Short web captions:
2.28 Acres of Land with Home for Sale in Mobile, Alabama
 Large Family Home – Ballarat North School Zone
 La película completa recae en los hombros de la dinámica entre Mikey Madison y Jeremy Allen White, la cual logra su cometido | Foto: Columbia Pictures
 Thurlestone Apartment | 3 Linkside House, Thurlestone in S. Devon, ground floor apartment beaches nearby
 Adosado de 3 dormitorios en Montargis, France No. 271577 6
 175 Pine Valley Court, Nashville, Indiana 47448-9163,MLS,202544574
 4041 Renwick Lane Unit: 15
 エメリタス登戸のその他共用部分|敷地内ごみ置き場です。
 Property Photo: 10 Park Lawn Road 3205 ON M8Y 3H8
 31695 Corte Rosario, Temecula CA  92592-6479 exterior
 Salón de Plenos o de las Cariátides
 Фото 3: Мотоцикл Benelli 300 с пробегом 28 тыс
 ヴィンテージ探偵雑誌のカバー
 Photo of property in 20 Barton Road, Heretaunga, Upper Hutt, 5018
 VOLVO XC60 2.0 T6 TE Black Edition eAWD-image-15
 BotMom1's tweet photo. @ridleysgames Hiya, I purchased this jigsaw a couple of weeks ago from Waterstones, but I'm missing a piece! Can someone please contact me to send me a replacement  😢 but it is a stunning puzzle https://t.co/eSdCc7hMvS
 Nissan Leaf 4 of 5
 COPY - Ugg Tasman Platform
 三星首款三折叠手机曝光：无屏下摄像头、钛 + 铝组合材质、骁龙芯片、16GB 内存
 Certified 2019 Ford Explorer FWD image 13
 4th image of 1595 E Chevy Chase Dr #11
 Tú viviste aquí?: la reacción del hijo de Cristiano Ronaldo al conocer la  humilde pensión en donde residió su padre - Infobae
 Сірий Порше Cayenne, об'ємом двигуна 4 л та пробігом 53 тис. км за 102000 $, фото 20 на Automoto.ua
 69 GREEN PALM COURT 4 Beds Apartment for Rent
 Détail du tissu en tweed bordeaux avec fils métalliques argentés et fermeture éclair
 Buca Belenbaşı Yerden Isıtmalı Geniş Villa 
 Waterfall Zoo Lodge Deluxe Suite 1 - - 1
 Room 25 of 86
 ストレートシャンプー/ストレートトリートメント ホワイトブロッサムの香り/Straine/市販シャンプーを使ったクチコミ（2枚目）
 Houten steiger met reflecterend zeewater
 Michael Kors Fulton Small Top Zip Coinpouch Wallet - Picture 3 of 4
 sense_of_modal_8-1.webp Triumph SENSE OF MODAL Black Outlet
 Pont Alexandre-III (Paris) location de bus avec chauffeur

## EXERCISE DESCRIPTION
Every record must be retyped so that it matches the original exactly.

## YOUR SOLUTION
2.28 Acres of Land with Home for Sale in Mobile, Alabama
 Large Family Home – Ballarat North School Zone
 La película completa recae en los hombros de la dinámica entre Mikey Madison y Jeremy Allen White, la cual logra su cometido | Foto: Columbia Pictures
 Thurlestone Apartment | 3 Linkside House, Thurlestone in S. Devon, ground floor apartment beaches nearby
 Adosado de 3 dormitorios en Montargis, France No. 271577 6
 175 Pine Valley Court, Nashville, Indiana 47448-9163,MLS,202544574
 4041 Renwick Lane Unit: 15
 エメリタス登戸のその他共用部分|敷地内ごみ置き場です。
 Property Photo: 10 Park Lawn Road 3205 ON M8Y 3H8
 31695 Corte Rosario, Temecula CA  92592-6479 exterior
 Salón de Plenos o de las Cariátides
 Фото 3: Мотоцикл Benelli 300 с пробегом 28 тыс
 ヴィンテージ探偵雑誌のカバー
 Photo of property in 20 Barton Road, Heretaunga, Upper Hutt, 5018
 VOLVO XC60 2.0 T6 TE Black Edition eAWD-image-15
 BotMom1's tweet photo. @ridleysgames Hiya, I purchased this jigsaw a couple of weeks ago from Waterstones, but I'm missing a piece! Can someone please contact me to send me a replacement  😢 but it is a stunning puzzle https://t.co/eSdCc7hMvS
 Nissan Leaf 4 of 5
 COPY - Ugg Tasman Platform
 三星首款三折叠手机曝光：无屏下摄像头、钛 + 铝组合材质、骁龙芯片、16GB 内存
 Certified 2019 Ford Explorer FWD image 13
 4th image of 1595 E Chevy Chase Dr #11
 Tú viviste aquí?: la reacción del hijo de Cristiano Ronaldo al conocer la  humilde pensión en donde residió su padre - Infobae
 Сірий Порше Cayenne, об'ємом двигуна 4 л та пробігом 53 тис. км за 102000 $, фото 20 на Automoto.ua
 69 GREEN PALM COURT 4 Beds Apartment for Rent
 Détail du tissu en tweed bordeaux avec fils métalliques argentés et fermeture éclair
 Buca Belenbaşı Yerden Isıtmalı Geniş Villa 
 Waterfall Zoo Lodge Deluxe Suite 1 - - 1
 Room 25 of 86
 ストレートシャンプー/ストレートトリートメント ホワイトブロッサムの香り/Straine/市販シャンプーを使ったクチコミ（2枚目）
 Houten steiger met reflecterend zeewater
 Michael Kors Fulton Small Top Zip Coinpouch Wallet - Picture 3 of 4
 sense_of_modal_8-1.webp Triumph SENSE OF MODAL Black Outlet
 Pont Alexandre-III (Paris) location de bus avec chauffeur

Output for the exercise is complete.